Donald Trump’s honeymoon has begun.
In Morning Consult’s final pre-election poll, America disapproved of Donald Trump by a whopping 61 to 37 percent margin. But then America elected him president.
Now, after Trump spent his first two weeks as president-elect settling fraud lawsuits, leveraging the power of his office to fill the rooms of his D.C. hotel, and appointing racists to key White House posts, the mogul’s popularity has soared.
The latest poll from Politico/Morning Consult shows 46 percent of the country now views Trump favorably, while 46 percent take the opposite view.
A net-favorability rating of zero represents a big-league improvement for Trump. But it still leaves him far behind his recent predecessors, including those who, like him, failed to secure a majority of the popular vote.
At this point in 2008, Gallup put Obama’s favorable rating at 68 percent; that figure was 59 percent for George W. Bush in mid-December 2000; and 58 percent for Bill Clinton in November 1992.
A large upswing in popularity has long been a perk of winning the presidency — in 2008, Obama saw his approval soar by 20 points post-election. The fact that Trump’s post-election bounce still doesn’t provide him with a positive approval rating testifies to the American public’s aberrant level of distaste for its new leader.
The Morning Consult poll further suggests that, were the public fully informed of Trump’s recent actions, they might take a dimmer of view of their president-elect. Roughly 60 percent of the country say Trump’s children should have “no role” in his administration, even as they have been serving as members of his transition team.
Trump’s unusual unpopularity is also affirmed in a Pew survey, released Monday.
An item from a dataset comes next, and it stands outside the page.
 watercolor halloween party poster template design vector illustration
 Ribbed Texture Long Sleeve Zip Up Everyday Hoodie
That poll finds that only 30 percent of Americans would give Trump an “A” or “B” for the way he conducted himself during the campaign; for Hillary Clinton, that figure is 43 percent.
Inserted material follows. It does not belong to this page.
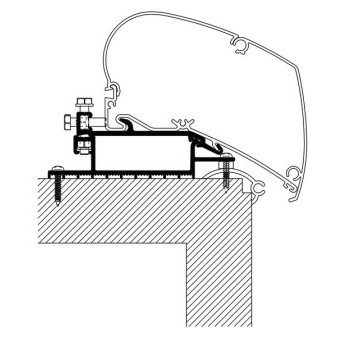 Adaptér střešní pro markýzy řady 6200 / 6300 / 9200 (50 cm, sada 3 ks)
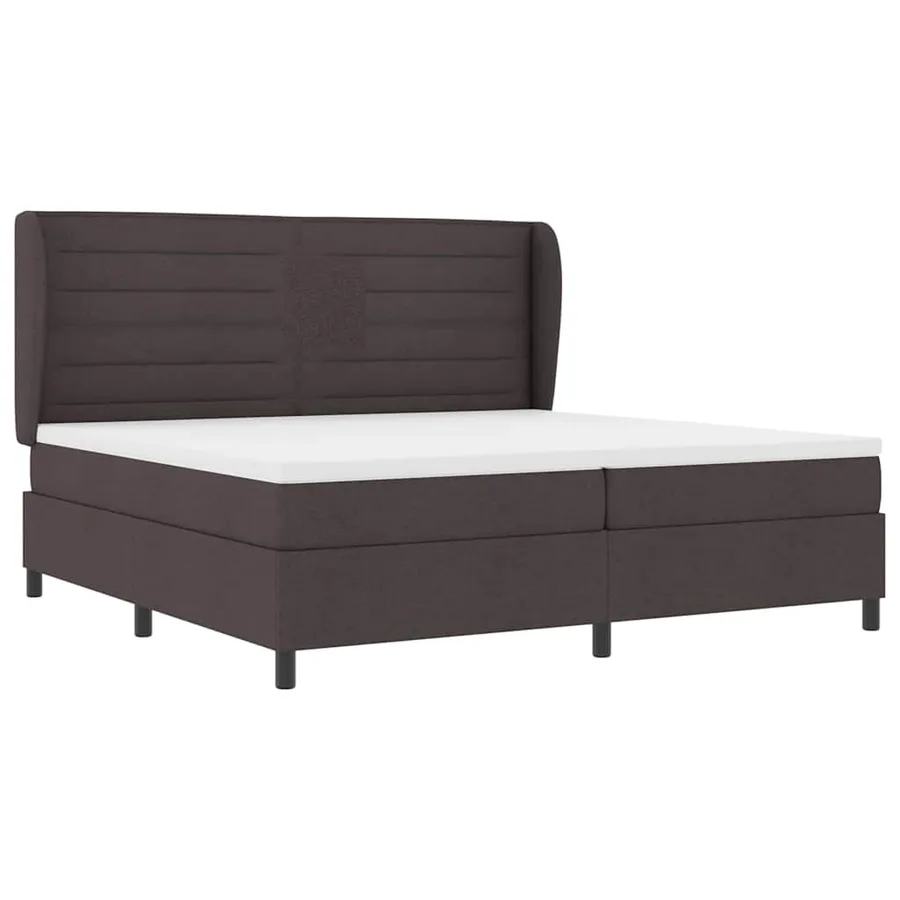 Lit à ressorts avec matelas Marron foncé 200 x 200 cm tissu - 5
This is the first time in the history of Pew’s surveys that the declared winner of a presidential election has received lower marks than his opponent (Bush was not yet the declared winner at the time this survey was taken in 2000).
Trump is so loathed in blue America that nearly two-thirds of Democratic voters want their party leaders to “stand up to Donald Trump” on issues that are important to them, even if it means “less gets done in Washington.” In 2008, only 36 percent of Republican voters said the same about Obama.
In related news, Hillary Clinton’s popular-vote lead over Trump has grown to roughly 1.7 million, giving her a 48 to 46.7 advantage over the president-elect among all voters. That lead is expected to keep growing as more outstanding California ballots get tallied.